━━━━━ DATA

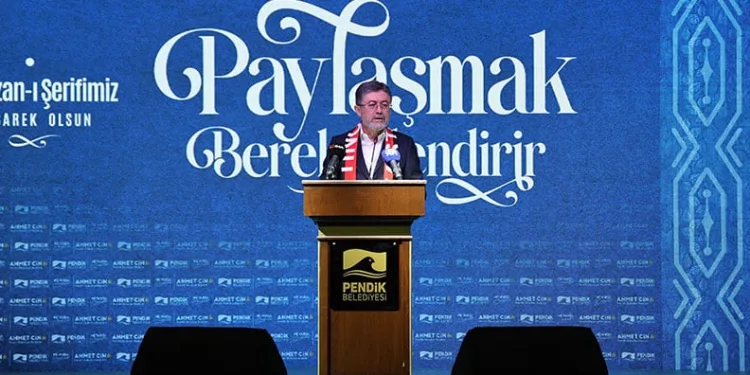 “Güvenilir gıdaya ulaşmak vatandaşların hakkıdır”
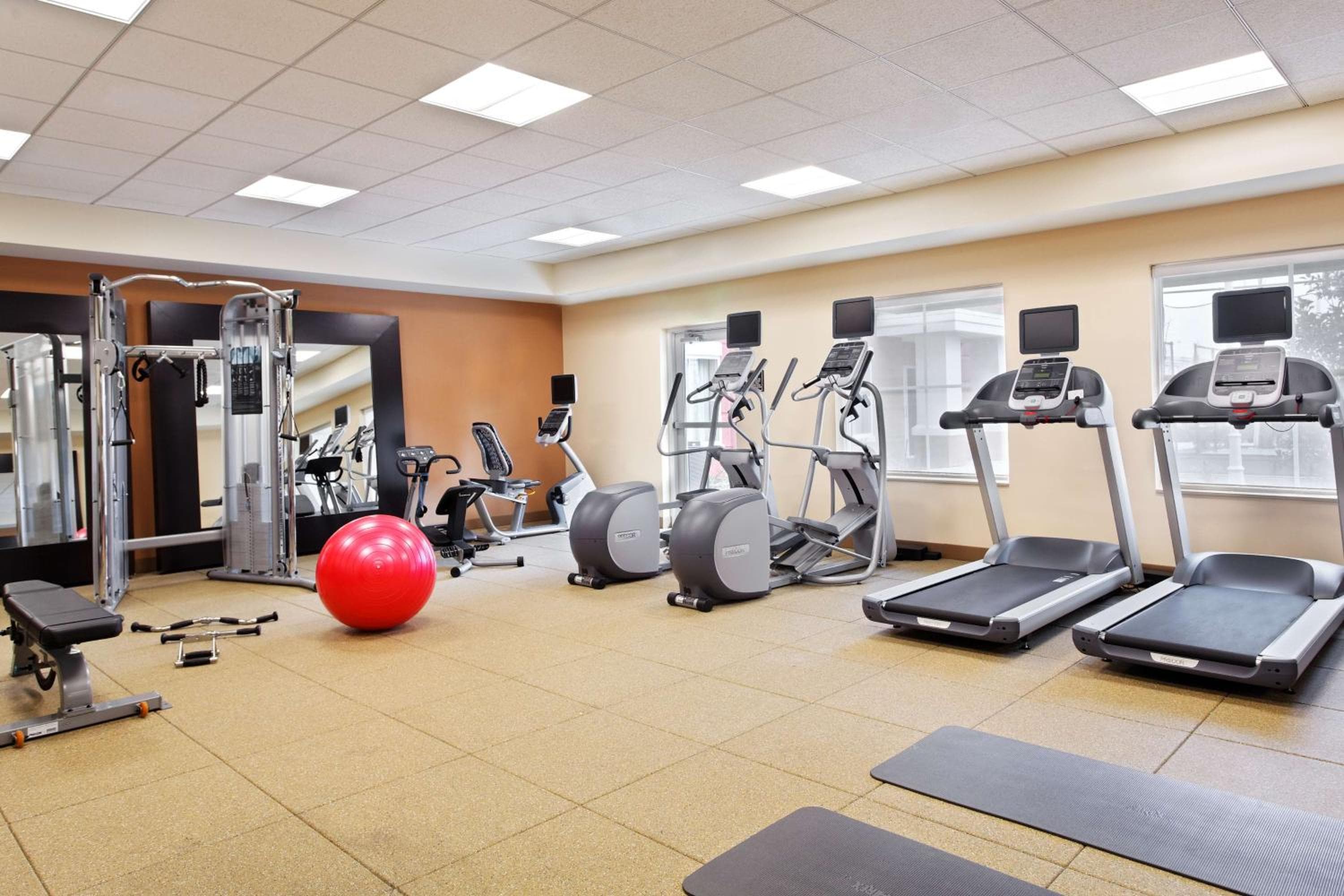 Homewood Suites dell'Hilton Orlando Airport — 7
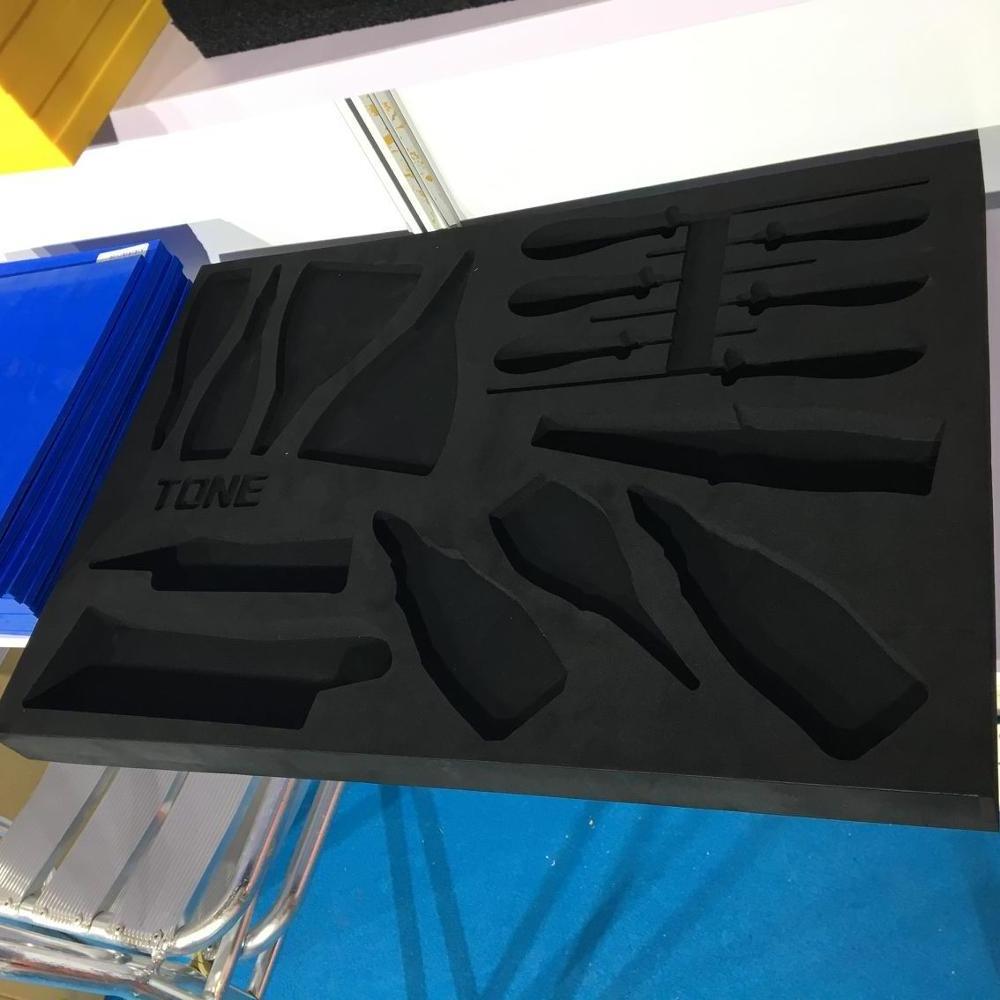 Wave Corrugated EVA Foam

━━━━━━━━━━

#### PROBLEM:
Repeat the material exactly. Any picture in it should be dropped.

#### TASK SOLUTION:
 “Güvenilir gıdaya ulaşmak vatandaşların hakkıdır”
 Homewood Suites dell'Hilton Orlando Airport — 7
 Wave Corrugated EVA Foam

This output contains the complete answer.